Output capacitor also should have enough ripple current rating to absorb output switching ripple current. To get good loop stability, the resonant frequency of the output inductor and output capacitor should be designed between 10 kHz and 20 kHz. The preferred ceramic capacitor is 25-V X7R or X5R for output capacitor. Minimum 7 pcs of 10-μF 0603 package capacitor is suggested to be placed as close as possible to Q3&Q4 half bridge (between Q4 drain and Q3 source terminal). Total minimum output effective capacitance along VSYS distribution line is 50 μF refers to Table 9-1. Recommend to place minimum 20-μF MLCC capacitors after the charge current sense resistor for best stability.

Ceramic capacitors show a dc-bias effect. This effect reduces the effective capacitance when a dc-bias voltage is applied across a ceramic capacitor, as on the output capacitor of a charger. The effect may lead to a significant capacitance drop, especially for high output voltages and small capacitor packages. See the manufacturer's data sheet about the derating performance with a dc bias voltage applied. It may be necessary to choose a higher voltage rating or nominal capacitance value in order to get the required capacitance value at the operating point. Considering the 25-V 0603 package MLCC capacitance derating under 21-V to 23-V output voltage, the recommended practical capacitors configuration at VSYS output terminal can also be found in Table 9-1. Tantalum capacitors (POSCAP) can avoid dc-bias effect and temperature variation effect which are recommend to be used along VSYS output distribution line to meet total minimum effective output capacitance requirement.

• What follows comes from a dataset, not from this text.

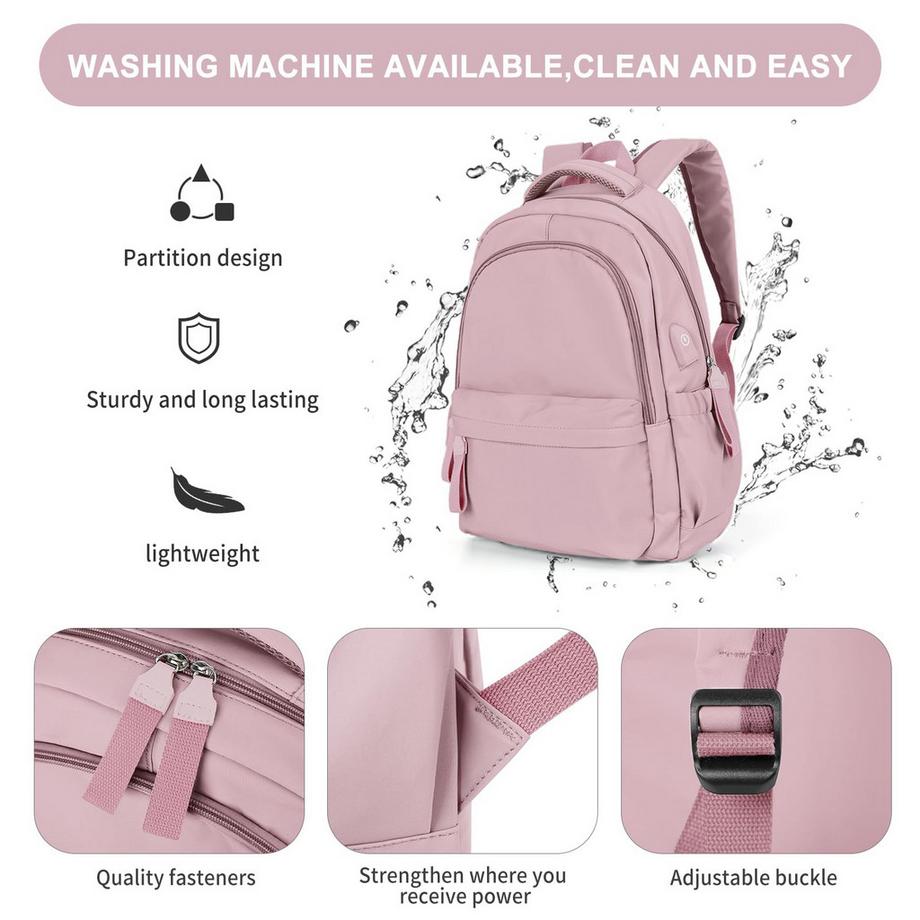 Only-bags.store Sac à dos scolaire léger pour ordinateur portable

Table 9-1 Minimum Output Capacitance Requirement
OUTPUT CAPACITORS vs TOTAL INPUT POWER 65 W 90 W 130 W
Minimum Effective Output Capacitance 50 μF 50 μF 50 μF
Minimum output capacitors at charger VSYS output terminal 7*10 μF (0603 25 V MLCC) 9*10 μF (0603 25 V MLCC) 9*10 μF (0603 25 V MLCC)
Additional output capacitors along VSYS distribution line 2*22 μF (25 V~35 V POSCAP) 2*22 μF (25 V~35 V POSCAP) 2*22 μF (25 V~35 V POSCAP)